Parce que oui, Tintin paraissait en tant que feuilleton, et il semble qu’au départ, il n’était pas question du tout d’en faire des albums.
Lisez plutôt ce qu’en dit Casterman:
Au départ, Tintin c’était un feuilleton. Les albums ne sont venus que plus tard et n’avaient pas du tout été prévus, racontait Hergé. C’est de cette version originale des Aventures de Tintin, mais aussi de Quick et Flupke et de Jo et Zette, que propose la présente collection. On y découvrira pour la première fois l’intégralité des bandes dessinées d’Hergé telles qu’elles furent publiées dans Le Petit Vingtième, Cœurs Vaillants, Le Soir et le journal Tintin, ainsi que toutes les créations graphiques qui s’y rapportaient (couvertures, bandeaux-titres, illustrations...)
Et lorsque le passage vers l’album s’est fait, Hergé a revu sa mise en page, coupant de-ci de-là des cases, des dialogues, pour que les livres tiennent dans un format 64 pages (voir plus bas).
Nous avons donc la version longue et non expurgée des aventures de Tintin, mais aussi Jo, Zette et Jocko (qu’est-ce que je les ai adorés, ceux-là, quand j’étais petit), et c’est tout simplement divin.
Alors qu’il pleut-neige et qu’il vente dehors, je suis en pleine lecture ce dimanche, au coin du feu, avec Staecy Kent en fond sonore, ou la Messe en Do de Beethoven, de «On a marché sur la lune», qui au départ n’était qu’une seule grande aventure, divisée en deux par la suite avec, d’une part «Objectif lune», et «On a marché sur la lune».
La présentation est magnifique, nous nous retrouvons avec des couleurs qui sont proches de l’origine (en héliogravure si j’ai bien compris), bien plus pétantes que celles que nous connaissons dans les albums.
Toujours selon Casterman:
Ce captivant retour aux sources permet de redécouvrir l’œuvre d’Hergé dans la fraîcheur du moment de la création.
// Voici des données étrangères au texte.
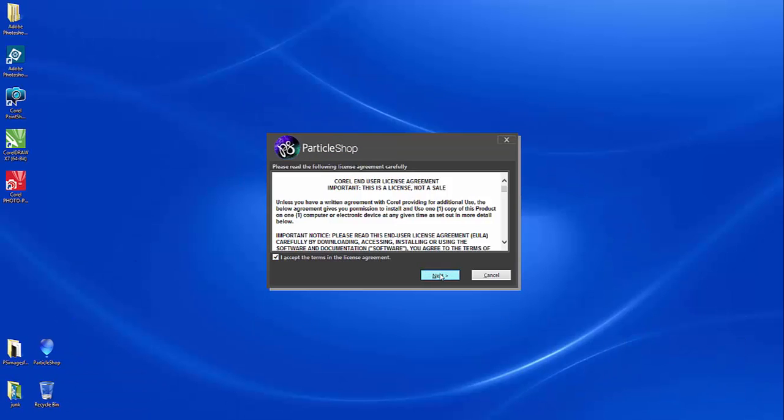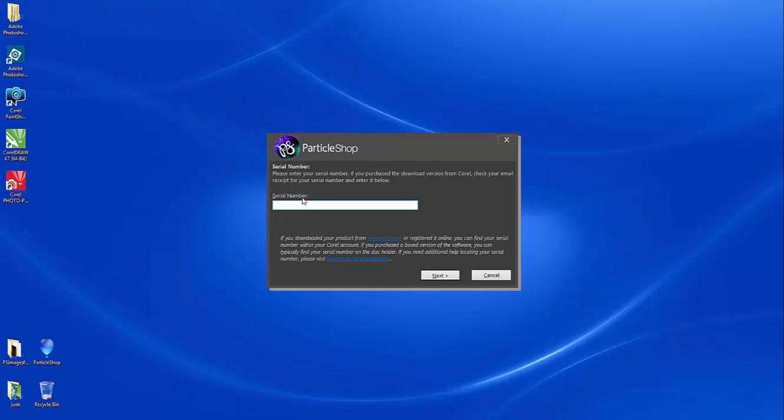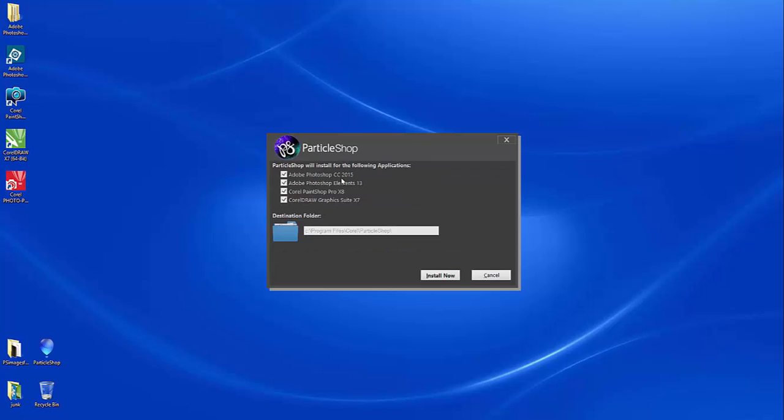Go ahead and accept the license agreement, and when you have your serial number, enter that in. And you can see here, because I have Photoshop 2015, Elements 13, PaintShop Pro X8, and CorelDRAW Graphics Suite already on my system, it automatically detects those applications.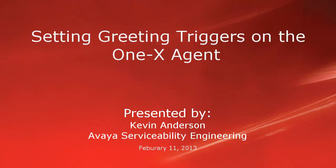Hello, my name is Kevin Anderson with the Avaya Serviceability Engineering team. In today's video, we'll be talking about setting greeting triggers on the 1x agent.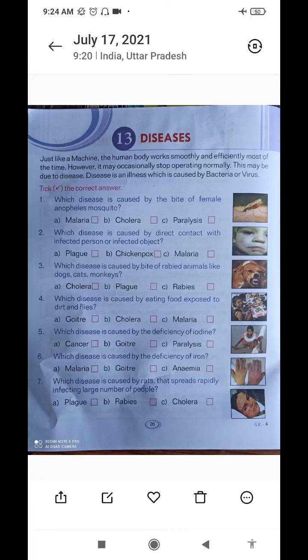Good morning students. We have started chapter number 13, Disease. In this chapter, we will study about disease.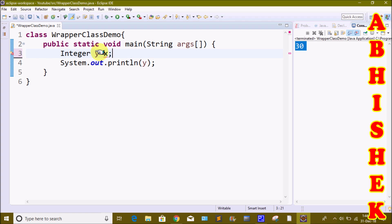This is a simple wrapper class. Now we have created the Integer class and converted the object. We can also use short, long, float, double, char, and boolean — all 8 primitive data types — and apply the same wrapper class approach.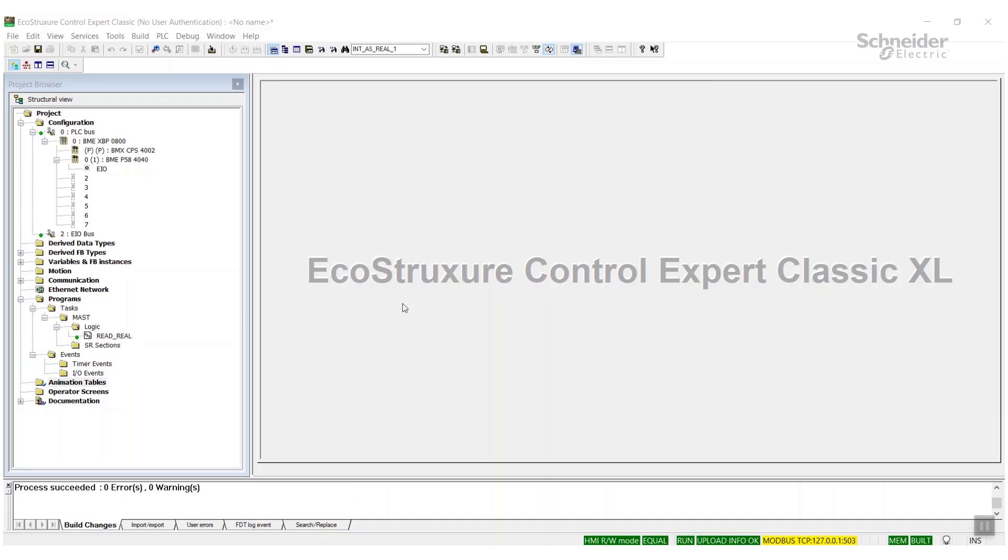In this video we're going to go over how to read real data or floating type data using the read_var. In this case it is in an M580 and Control Expert. If you're watching this, you're probably already aware that the read_var, no matter what data you're trying to read, it all comes back as an int, an integer value. And if you're trying to read reals, it's not very useful data.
Lors de la publication en album, son souci de perfection conduisait en effet Hergé à apporter d’importantes modifications à ses histoires: il redessinait certains passages, supprimait des images, parfois des planches entières et, à compter de la création du journal Tintin, en changeait systématiquement les couleurs.
De nombreuses couvertures du journal qui faisait sa une sur l’aventure en cours assez régulièrement viennent agrémenter notre lecture, et chaque planche est introduite par un petit résumé de ce qui s’était passé la semaine précédente.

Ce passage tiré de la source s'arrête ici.